◆ **WORK ORDER**: Write out again, exactly as they appear, the lines from the start of the data below through the line with "Silver-toned bracelet with"; no pictures.

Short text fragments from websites
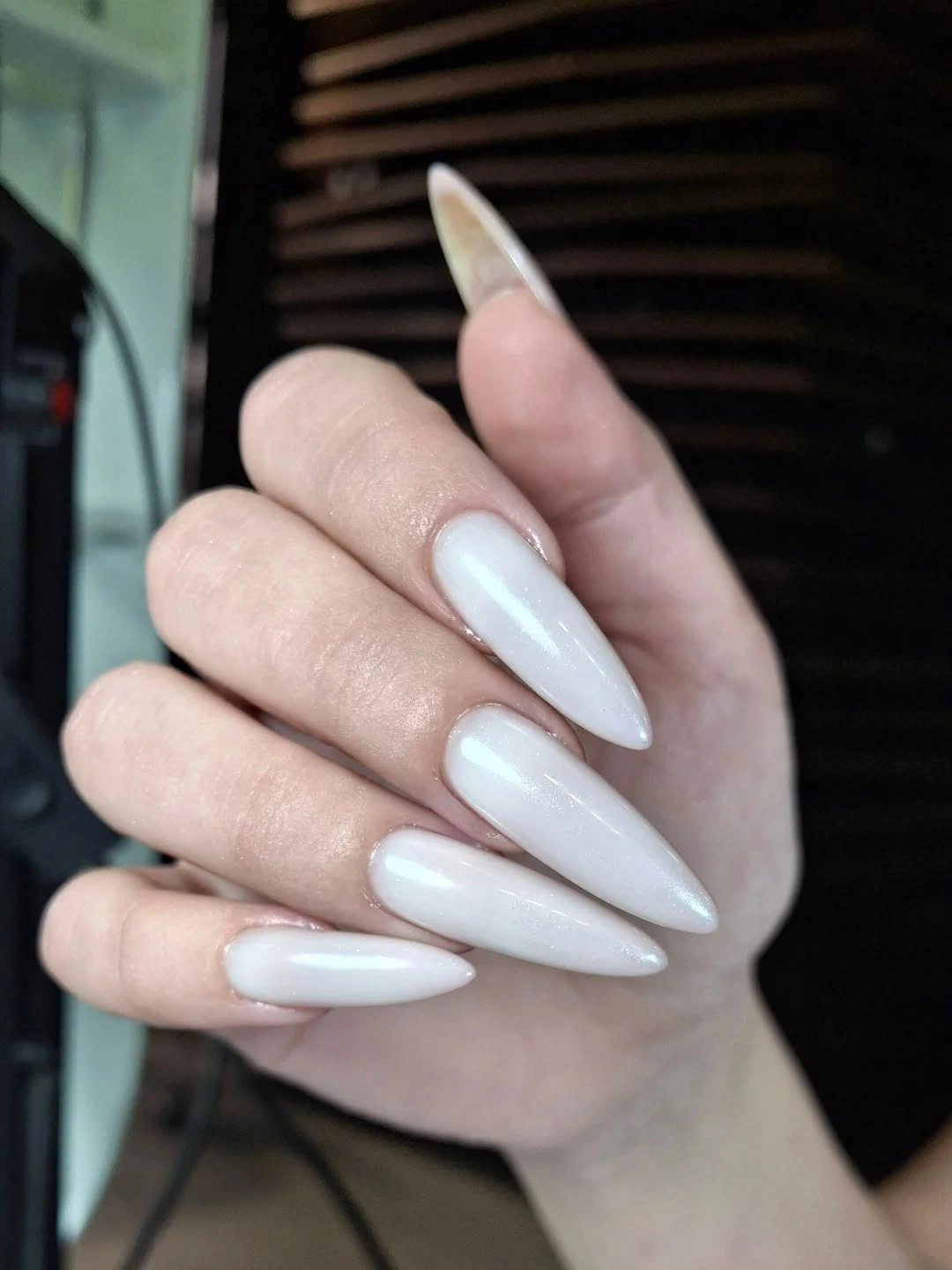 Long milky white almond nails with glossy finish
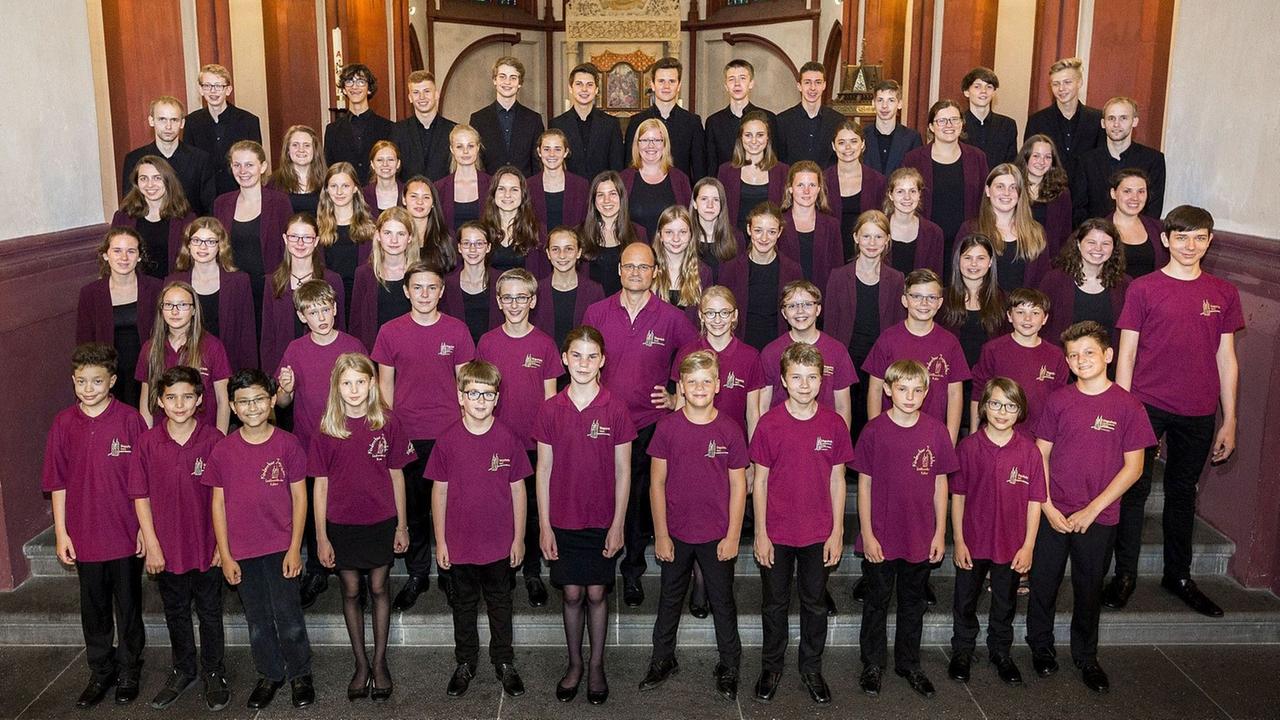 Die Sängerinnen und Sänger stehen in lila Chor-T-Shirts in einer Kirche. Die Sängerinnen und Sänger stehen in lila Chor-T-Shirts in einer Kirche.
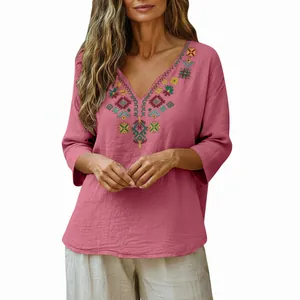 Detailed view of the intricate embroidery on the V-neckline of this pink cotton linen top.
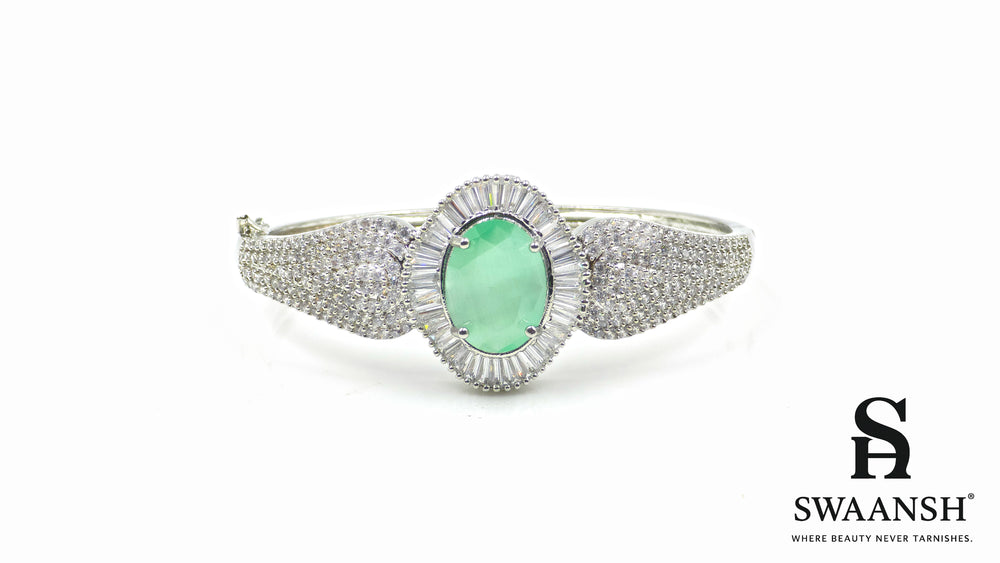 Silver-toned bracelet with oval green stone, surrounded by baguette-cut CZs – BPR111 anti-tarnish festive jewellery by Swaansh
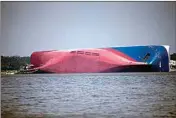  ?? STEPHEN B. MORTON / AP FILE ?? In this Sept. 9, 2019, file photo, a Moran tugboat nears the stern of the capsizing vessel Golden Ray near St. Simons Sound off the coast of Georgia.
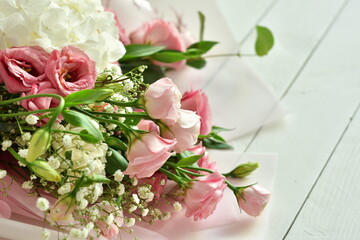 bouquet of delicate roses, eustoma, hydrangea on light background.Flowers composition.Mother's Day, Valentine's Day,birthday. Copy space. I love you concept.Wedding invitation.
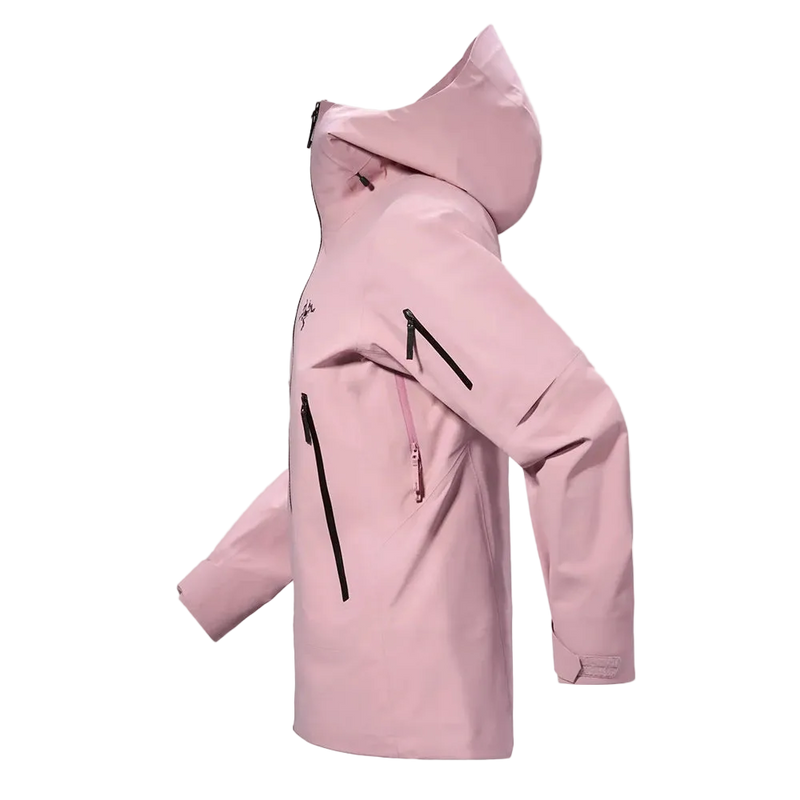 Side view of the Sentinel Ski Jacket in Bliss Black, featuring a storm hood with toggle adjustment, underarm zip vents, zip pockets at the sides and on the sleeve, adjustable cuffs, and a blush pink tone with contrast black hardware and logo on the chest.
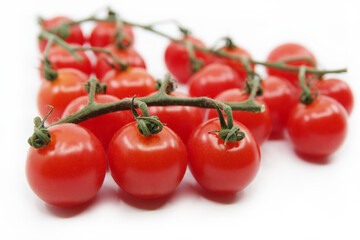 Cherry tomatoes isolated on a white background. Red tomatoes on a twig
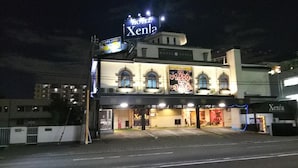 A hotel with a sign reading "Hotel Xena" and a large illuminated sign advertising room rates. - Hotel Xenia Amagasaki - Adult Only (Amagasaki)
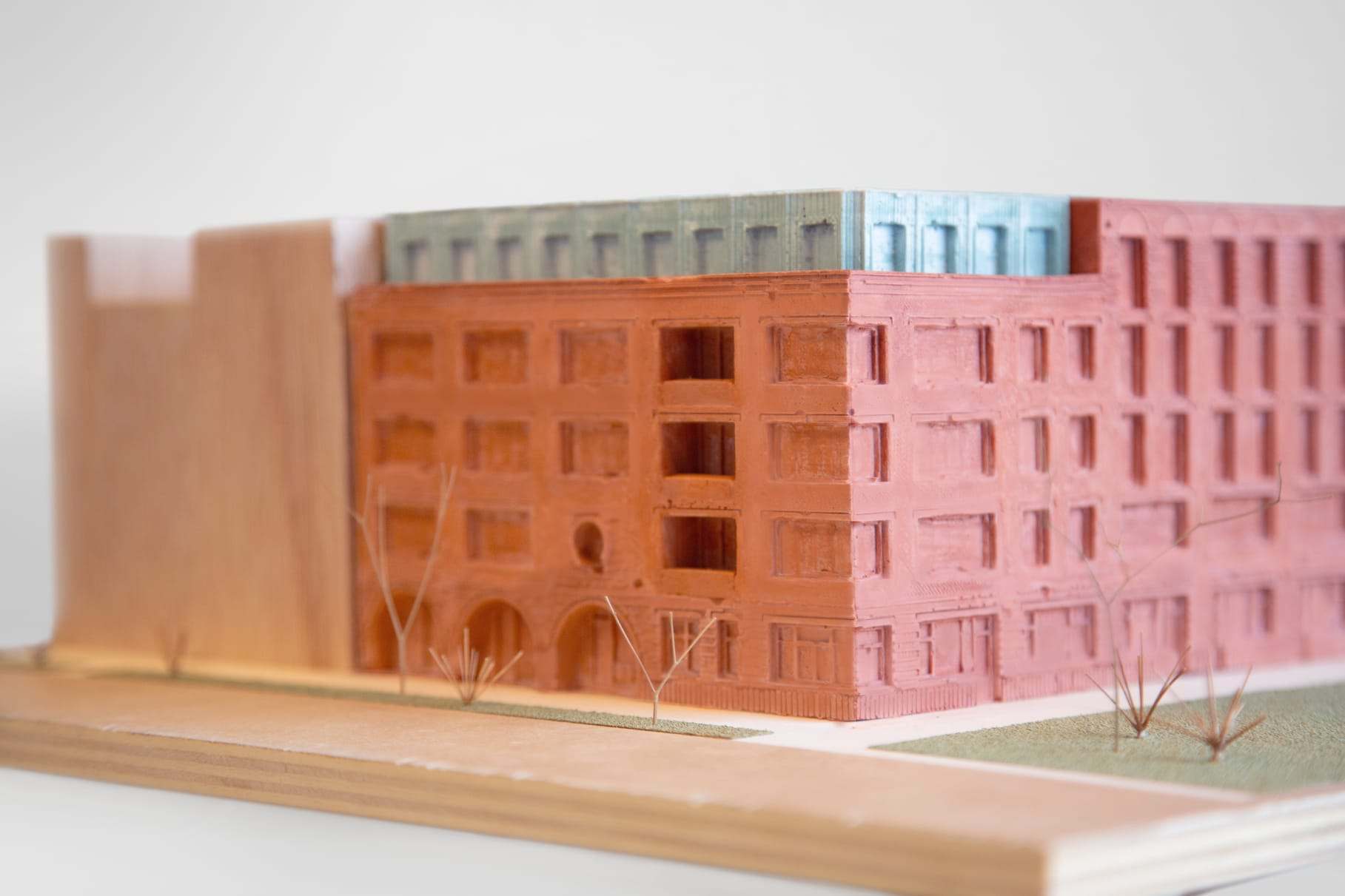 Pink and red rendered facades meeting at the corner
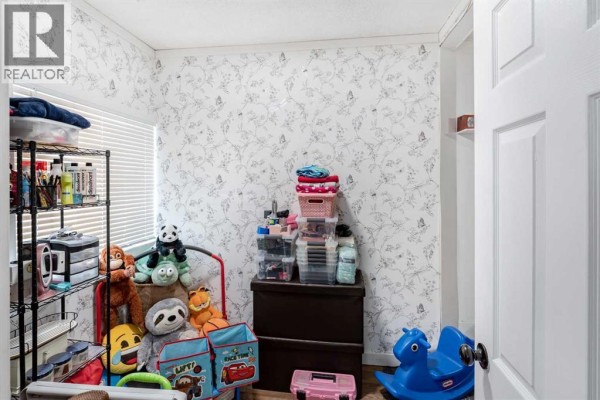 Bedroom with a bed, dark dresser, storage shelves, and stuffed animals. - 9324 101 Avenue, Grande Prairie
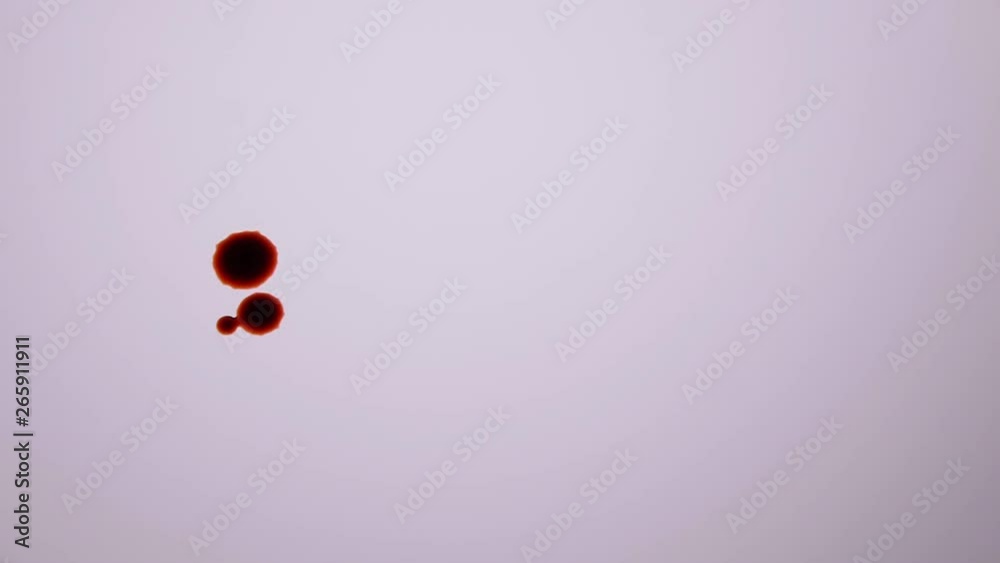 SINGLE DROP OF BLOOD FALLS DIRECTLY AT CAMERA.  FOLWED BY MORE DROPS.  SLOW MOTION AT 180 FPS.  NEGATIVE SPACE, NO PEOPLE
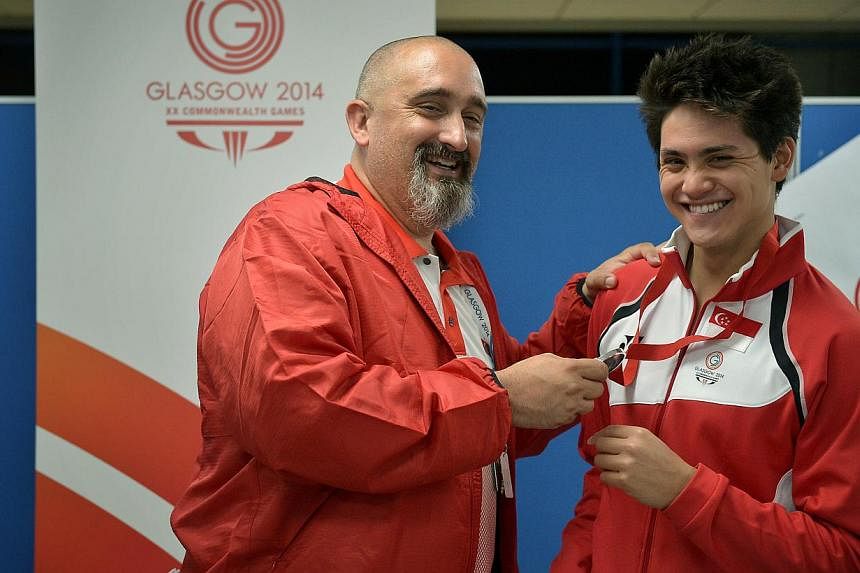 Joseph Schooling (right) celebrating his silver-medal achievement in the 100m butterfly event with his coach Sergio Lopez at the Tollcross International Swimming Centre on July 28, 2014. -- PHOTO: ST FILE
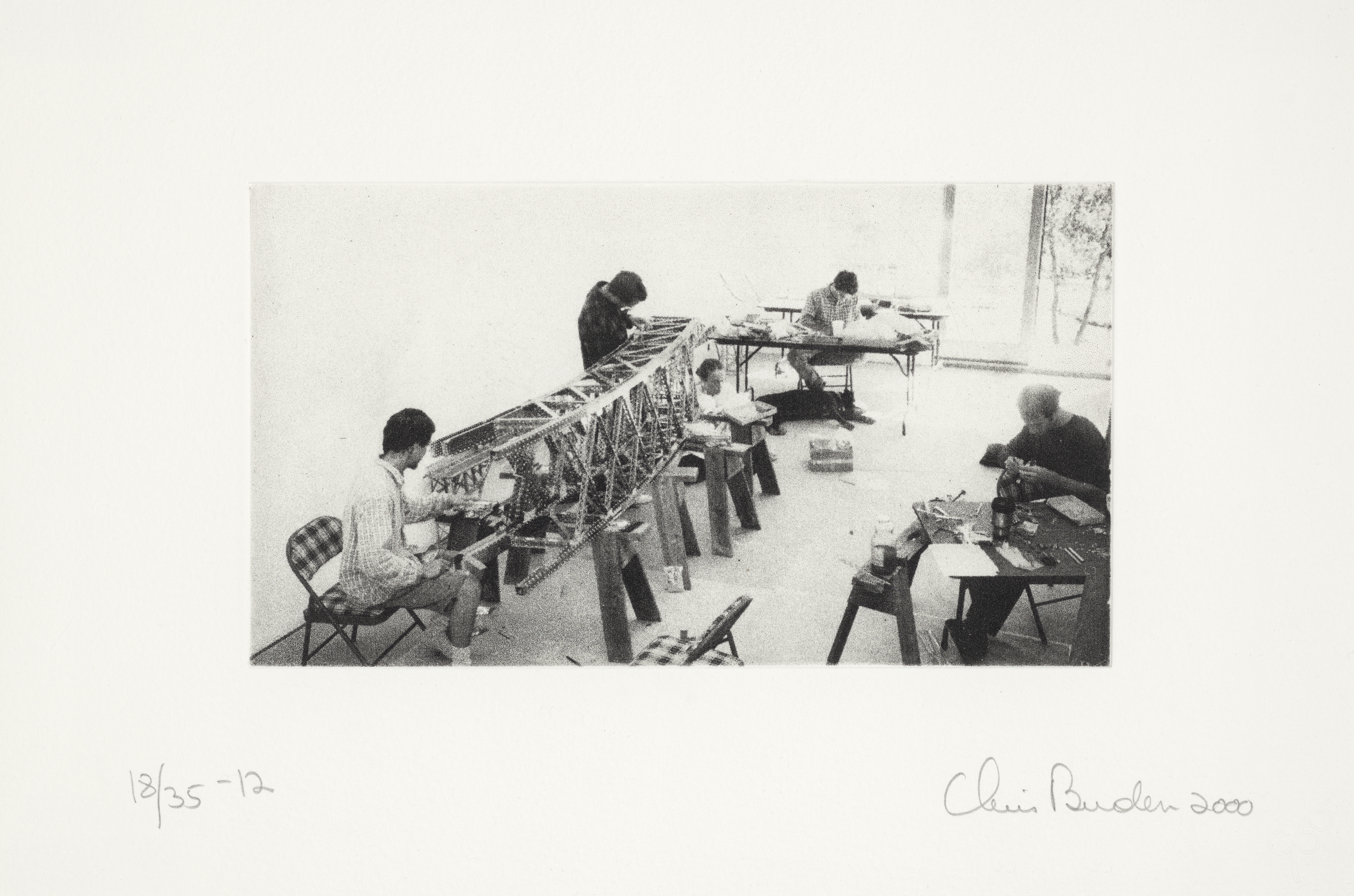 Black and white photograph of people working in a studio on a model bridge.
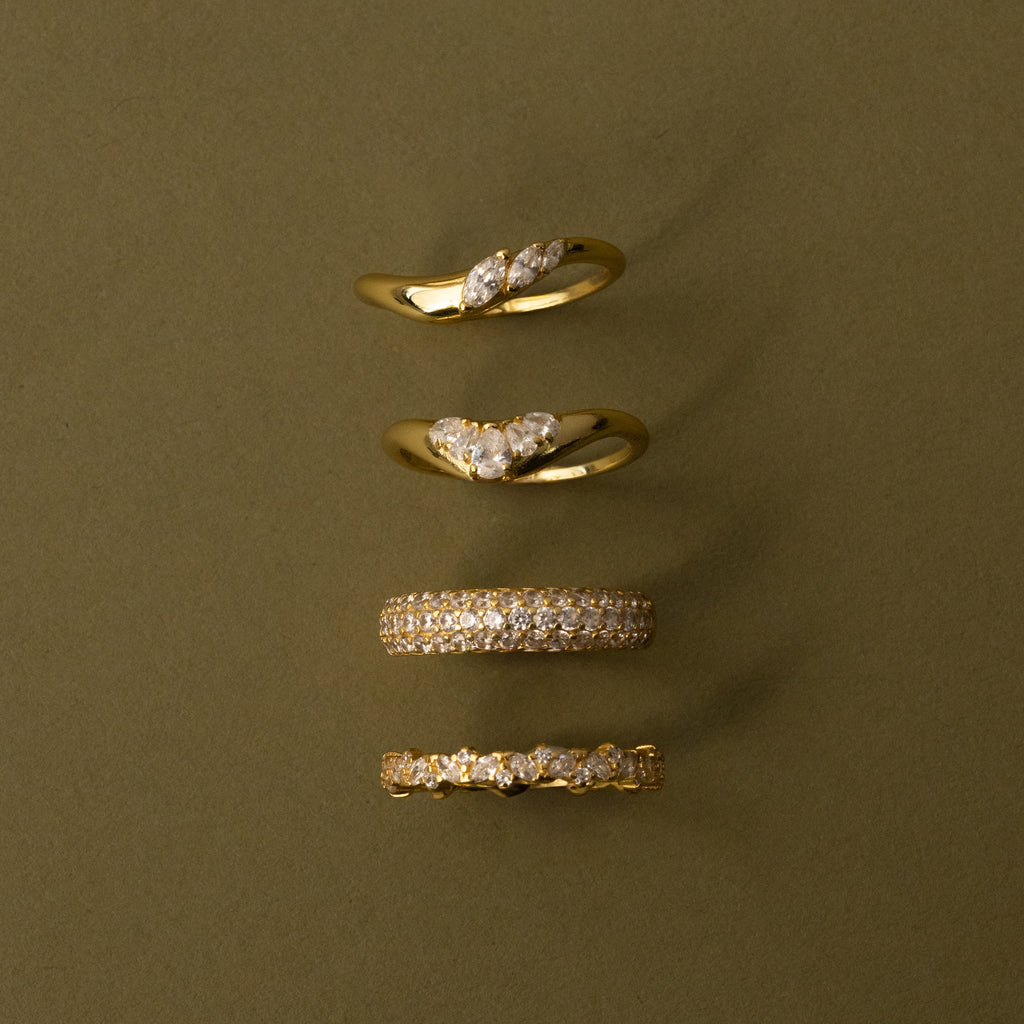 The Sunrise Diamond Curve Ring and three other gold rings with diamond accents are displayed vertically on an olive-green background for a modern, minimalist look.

◆ **EXPECTED ANSWER**:
 Long milky white almond nails with glossy finish
 Die Sängerinnen und Sänger stehen in lila Chor-T-Shirts in einer Kirche. Die Sängerinnen und Sänger stehen in lila Chor-T-Shirts in einer Kirche.
 Detailed view of the intricate embroidery on the V-neckline of this pink cotton linen top.
 Silver-toned bracelet with oval green stone, surrounded by baguette-cut CZs – BPR111 anti-tarnish festive jewellery by Swaansh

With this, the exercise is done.